We need a better strategy for winding down the war and continued engagement in Afghanistan, because if the current strategy continues, we could end up spending billions of dollars ineffectively.
Ongoing military operations have been the main driver of the war budget over the past eleven years. These costs will decline as troops leave, but the costs of supporting an enduring military presence will continue.
Of course, troops are just one component of the U.S commitment to Afghanistan. Training and equipping local security forces has been a cornerstone of the U.S. plan in Afghanistan. To date, the U.S. has allocated over $50 billion in security aid to Afghanistan. But the capability of the Afghan security forces is questionable. According to a Pentagon assessment, only one of the Afghan National Army’s twenty-three brigades is capable of operating independently.
A look into economic and development aid is just as troubling. The U.S. has spent tens of billions of dollars on reconstruction projects in Afghanistan that were later found to be unnecessary and unsustainable. The lack of a long-term, comprehensive plan for Afghanistan funding led to an unusual circumstance, Steve Clemons and Richard Vague noted in a recent interview: some years the U.S. spent more than one hundred billion dollars in a country with a GDP of fourteen billion.
The direct costs of the war, from military operations to economic aid, are just the tip of the iceberg. The indirect costs — from caring for the veterans of Afghanistan (estimated at $1 trillion) to payment on the national debt — will continue long after the war is declared over.
If the economic consequences were not enough to condemn the current strategy, consider the human cost: over 2,000 U.S. troops lost their lives in and around Afghanistan since October 2001; over 18,000 were wounded in action.
The high costs of the war in both blood and treasure should prompt a reevaluation of U.S. policy towards Afghanistan. This does not mean abandoning Afghanistan, nor does it mean surrendering. It simply means recognizing that the current strategy is not working, and that continuing an ineffective strategy puts U.S. security at risk.
It’s time to go back to the drawing board on our Afghanistan strategy, starting with the simple question of what we hope to achieve.
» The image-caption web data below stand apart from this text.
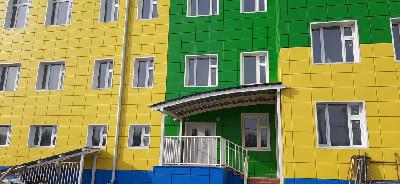 Депутатский контроль за строительством социально значимых объектов в Ханты-Мансийском районе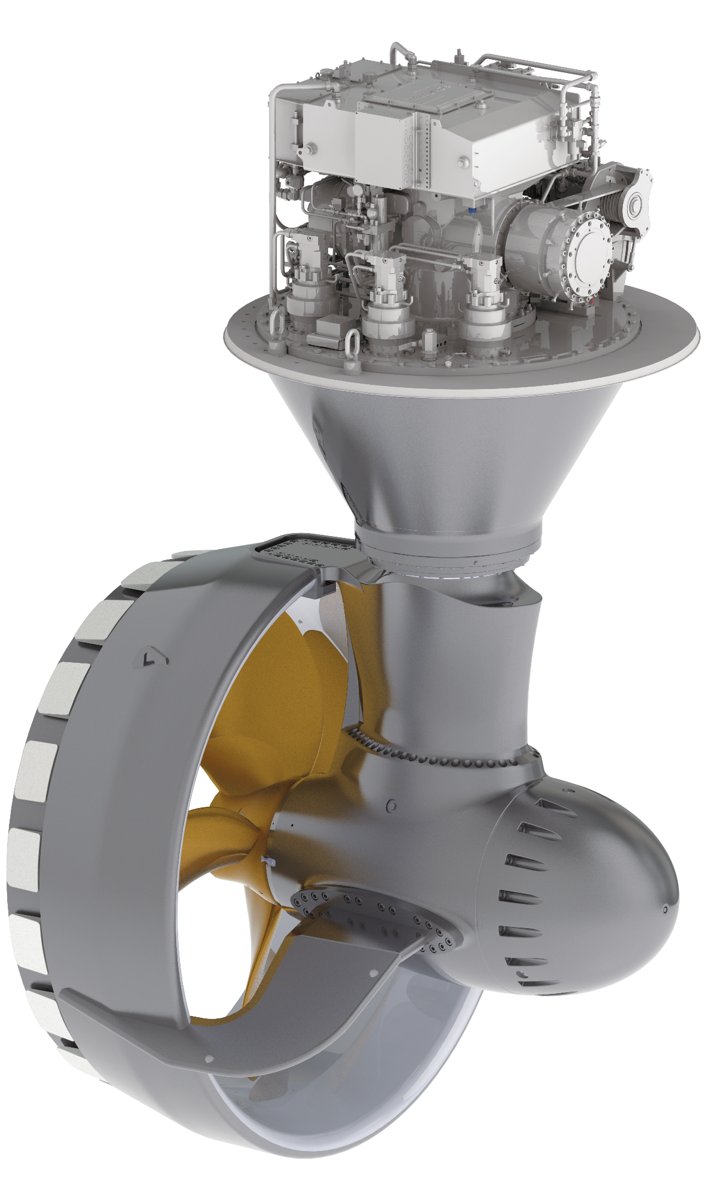 Schottel SRP 15 .... SRP 300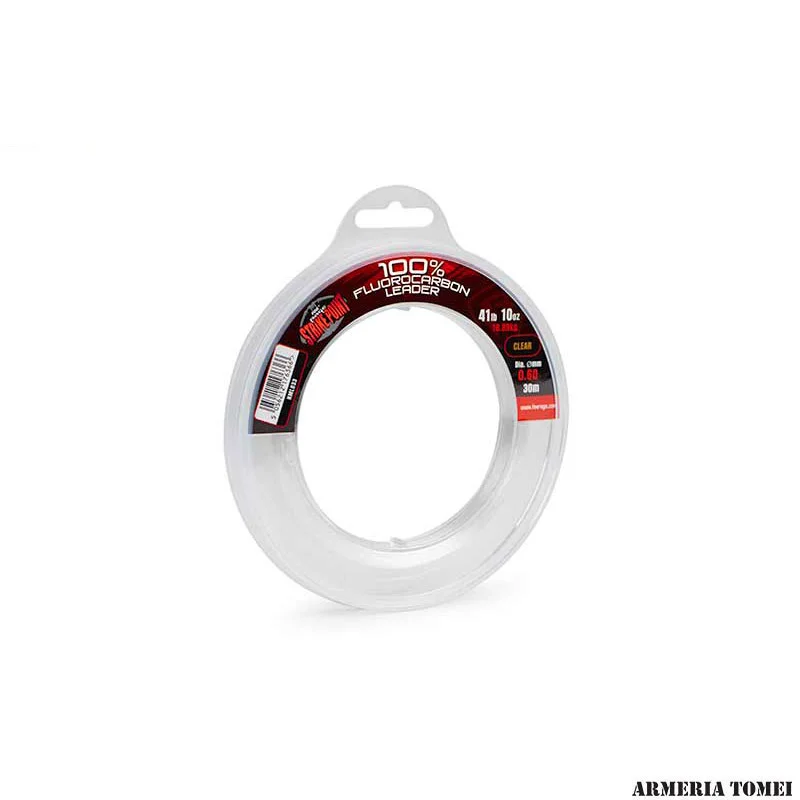 FOX RAGE - STRIKE POINT 100% FLUOROCARBON LEADER - immagine 2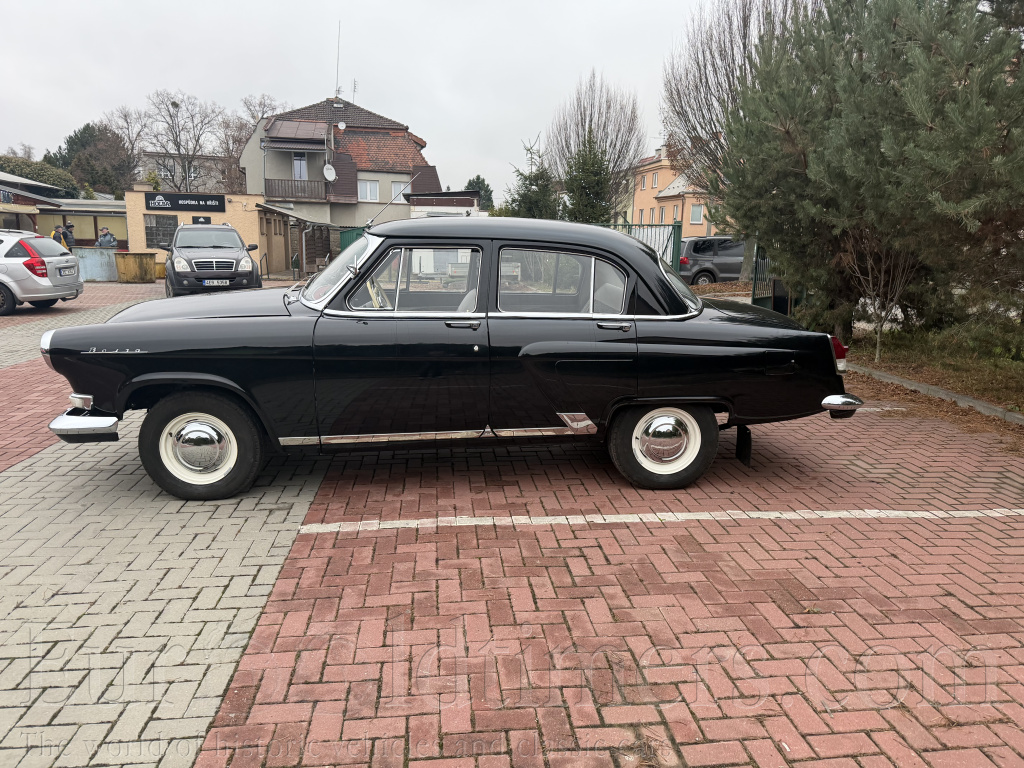 Volha Gaz 21, top stav , 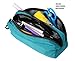 Large Pencil Cases Office Supplies - Big Capacity Pen Bag Pouch Holder Maker Stationery Organizer Storage with Compartments Zippers for Middle High School College Student Adult Women Teens Girls Boys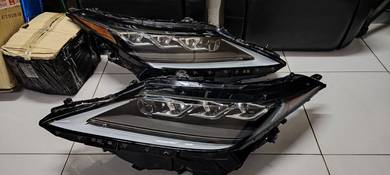 Lexus rx300 agl20 head lamp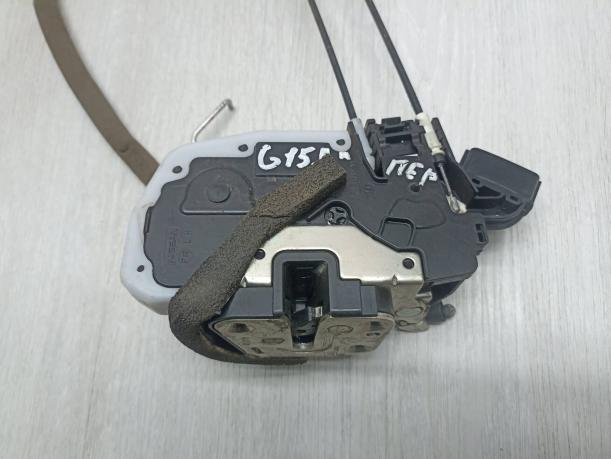 Замок двери передней левой Nissan Almera G15 805014AA0C
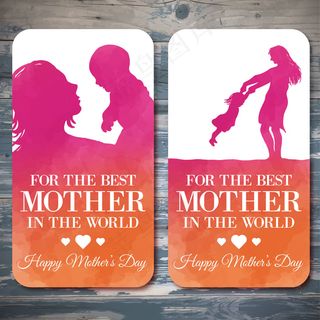 母亲节节日祝福 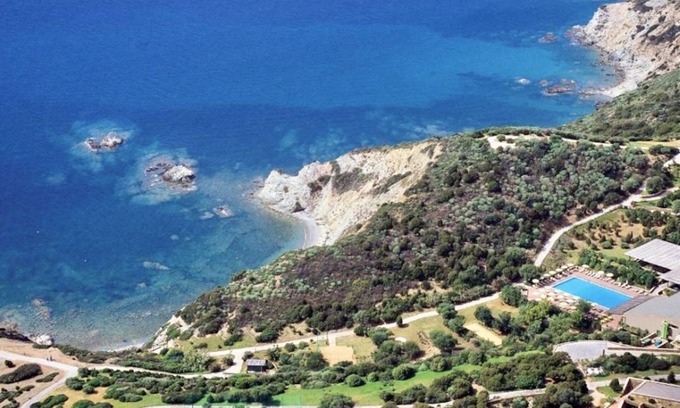Teulada Apartment | Bay of Brooms two-room apartment 4 beds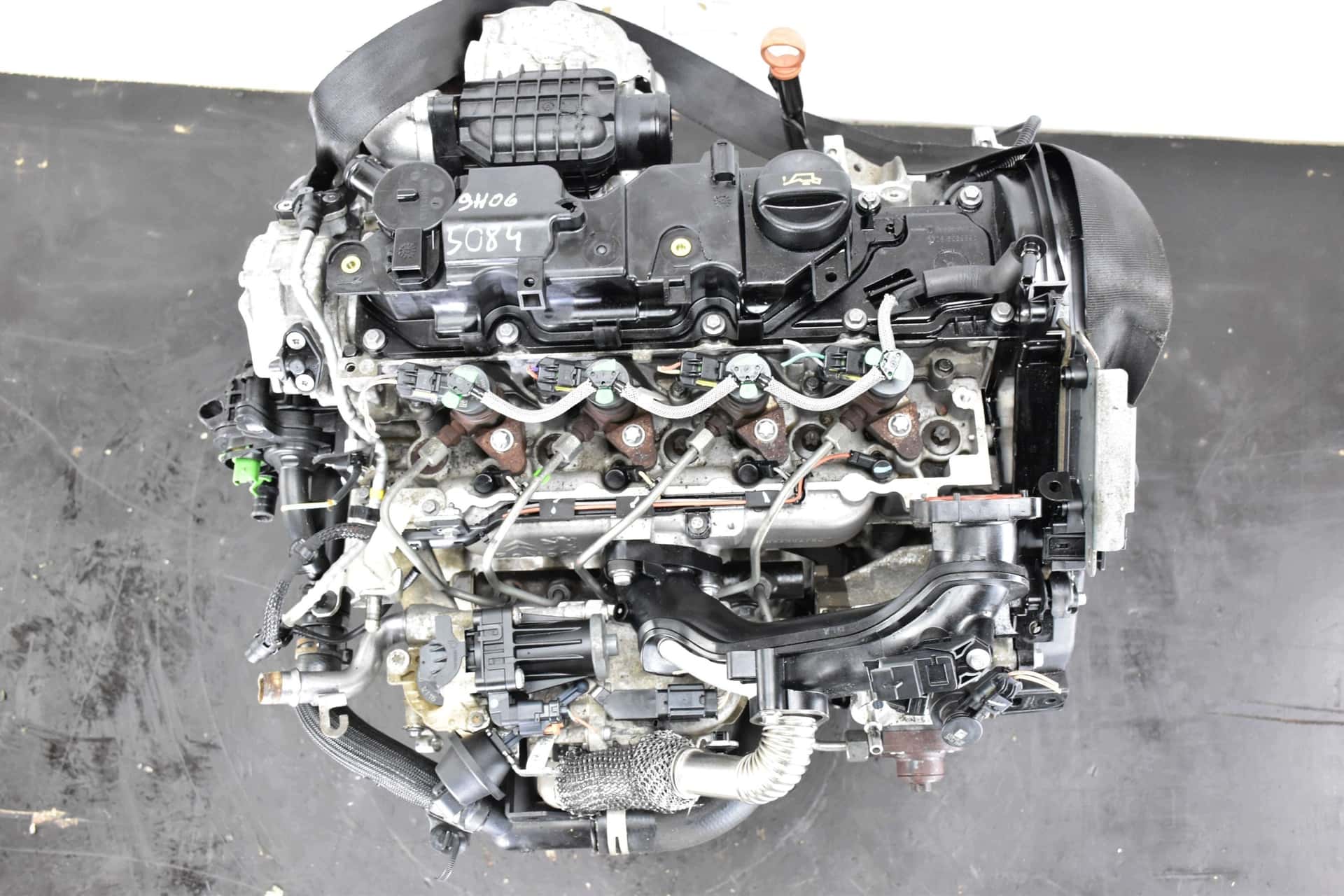 Moteur 9HL (DV6C) vue 10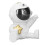 Starry Sky Projector with Remote Control 5W White Light 6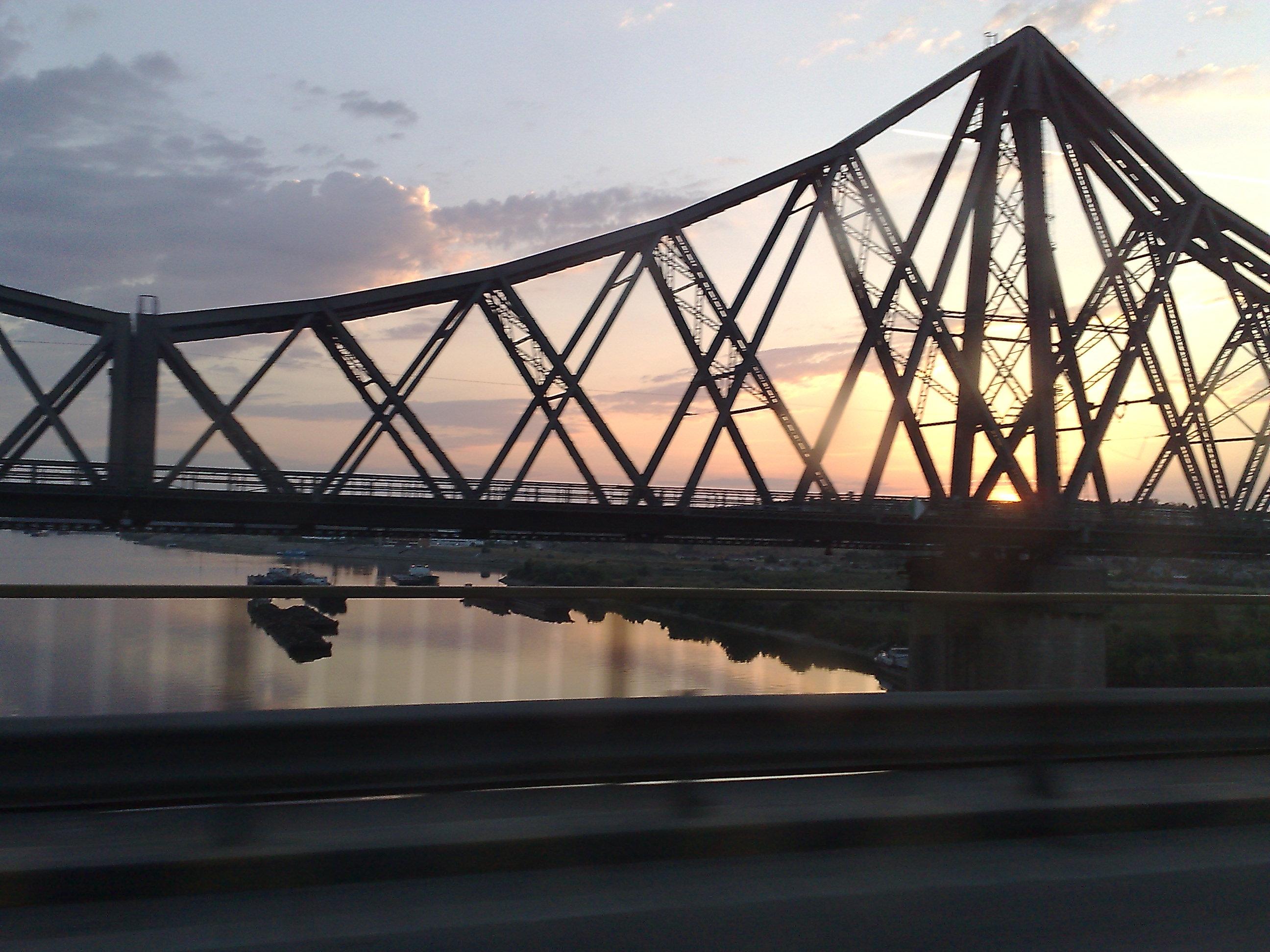 Anghel Saligny Bridge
Is the goal to disband and disrupt al Qaeda? Or is it to build a stable, secure nation? The answer may be both; the goals may be related. But articulating our goals is crucial. Uprooting a terrorist organization and nation-building are distinct objectives that require different tactics and different resources.
The Afghanistan debate often focuses on the number of U.S. troops that will remain after the 2014 deadline. This is an important , but we should be asking more fundamental questions about our Afghanistan strategy.
After eleven years and $600 billion, we can’t afford to continue along the current path. Asking pointed questions about our Afghanistan policy will not be easy — but it will lead to a more effective and cost-effective — strategy.